The project, entitled Residential building energy demand reduction in India (RESIDE), aims to establish an empirical knowledge base to develop a residential building energy code for high-quality, low-energy housing across all five climatic zones in India.
It has been funded by the UK’s Engineering and Physical Sciences Research Council (EPSRC), the Economic and Social Science Research Council (ESRC) and the Government of India’s Department of Science and Technology (DST). DST and Research Councils UK launched the project in Delhi in February 2018.
Minister of State for Universities and Science, Jo Johnson MP, announced yesterday (1 November) a series of joint UK/India investments in interdisciplinary energy research, including the RESIDE project.
Professor Rajat Gupta, Director of the Oxford Institute for Sustainable Development and the Low Carbon Building Research Group at Oxford Brookes University said:
“Through helping to reduce the currently predicted eightfold increase in residential energy consumption in India by 2050, the RESIDE project acknowledges the extensive benefits that may be accrued across the entire energy sector from the promotion of a new residential building code strongly grounded in evidence applicable to all five of India’s climatic zones.”
Reduction in energy demand from the residential sector will lead to a more secure energy supply network and reduced greenhouse gas emissions.
Residential buildings make up the majority of building energy use in India - using nearly 6.5 times more than commercial and public services sector, and consumption is expected to grow four-fold by 2030 due to an ever-increasing GDP, the number of urban households increases, alongside a greater penetration of electrical appliances. This offers tremendous scope and untapped potential for energy demand reduction in this sector – and what the RESIDE project is designed to address.
The four-year research project will receive a grant of £1.5 million from UK’s EPSRC and India’s DST, and will bring together a team of architects, engineers, digital scientists, urban planners and behavioural researchers to assess all aspects of the residential energy use problem, including performance of the building fabric; in-home appliances including heating, ventilation and air conditioning; indoor environment and occupant behaviour.
Through helping to reduce the currently predicted eightfold increase in residential energy consumption in India by 2050, the RESIDE project acknowledges the extensive benefits that may be accrued across the entire energy sector from the promotion of a new residential building code strongly grounded in evidence applicable to all five of India’s climatic zones.Professor Rajat Gupta, Oxford Brookes University
RESIDE will undertake surveys and monitoring of energy consumption in 2000 homes across the five different climatic zones in India, in order to build up a new, open access database for policy and practitioner communities in India and other countries in the Asia-Pacific region.

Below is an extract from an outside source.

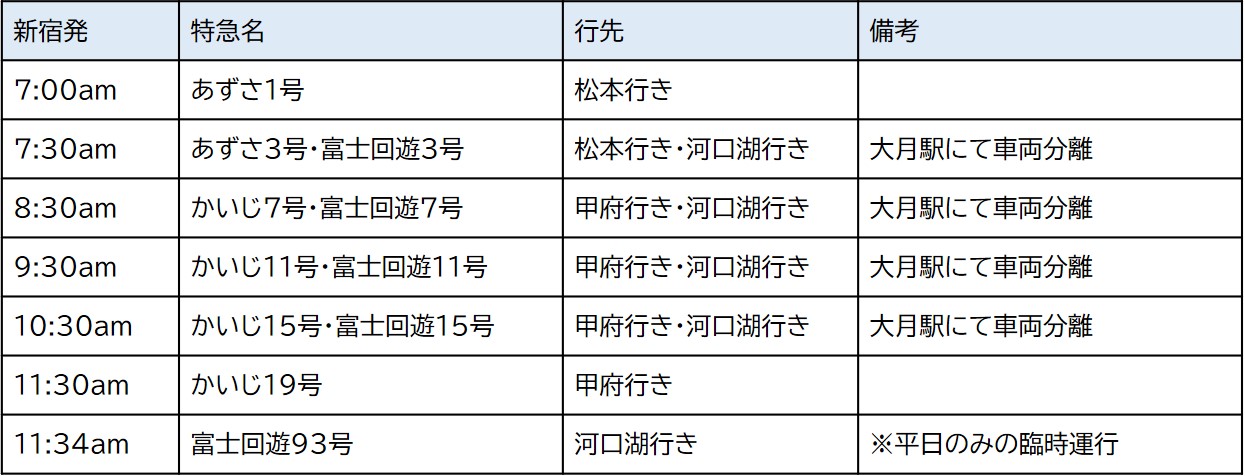 ▲平日上午的時刻表（加藤製作）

Professor Gupta continues: “In 10% of these homes, we will also trial and evaluate a Smart Home Energy Management System to enable householders to have greater control over their comfort and energy consumption.”
These activities will be used to develop low-cost monitoring and post-occupancy evaluation protocols to build a framework by which consistent data can be collected and added to the RESIDE database.
Using novel techniques including the award-winning DECoRuM carbon mapping approach developed by Prof Gupta and Matt Gregg, RESIDE will explore and establish protocols for assessing the potential for, and likely benefits of widespread take-up of energy efficiency and rooftop solar technologies on a community scale.
By engaging with a wide range of stakeholders involved in planning and construction throughout the project, and by undertaking an extensive review of policy experiences in similar countries, the project will establish the key factors essential for consideration in the development of a new residential building code for India.
RESIDE is funded by the Government of India’s Department of Science and Technology (DST) and EPSRC and ESRC, as part of the Research Councils UK (RCUK) Energy Programme on Energy demand reduction in the Built Environment as part of the Joint India/UK Newton Bhabha Fund.
RESIDE builds on ongoing India research by the Low Carbon Building Group, including the United Nations funded project 'Mainstreaming sustainable social housing in India’ which seeks to promote sustainability as an integral part of social housing, and the recently launched Newton Fund supported Learn-BPE project on evaluating the actual performance of green buildings in India.
The RESIDE India team is led by Principal Investigator Dr Vishal Garg from IIIT Hyderabad and Co-investigator Prof Jyotirmay Mathur from MNIT Jaipur – both premier research institutions in India - and the University of the West of England, Bristol.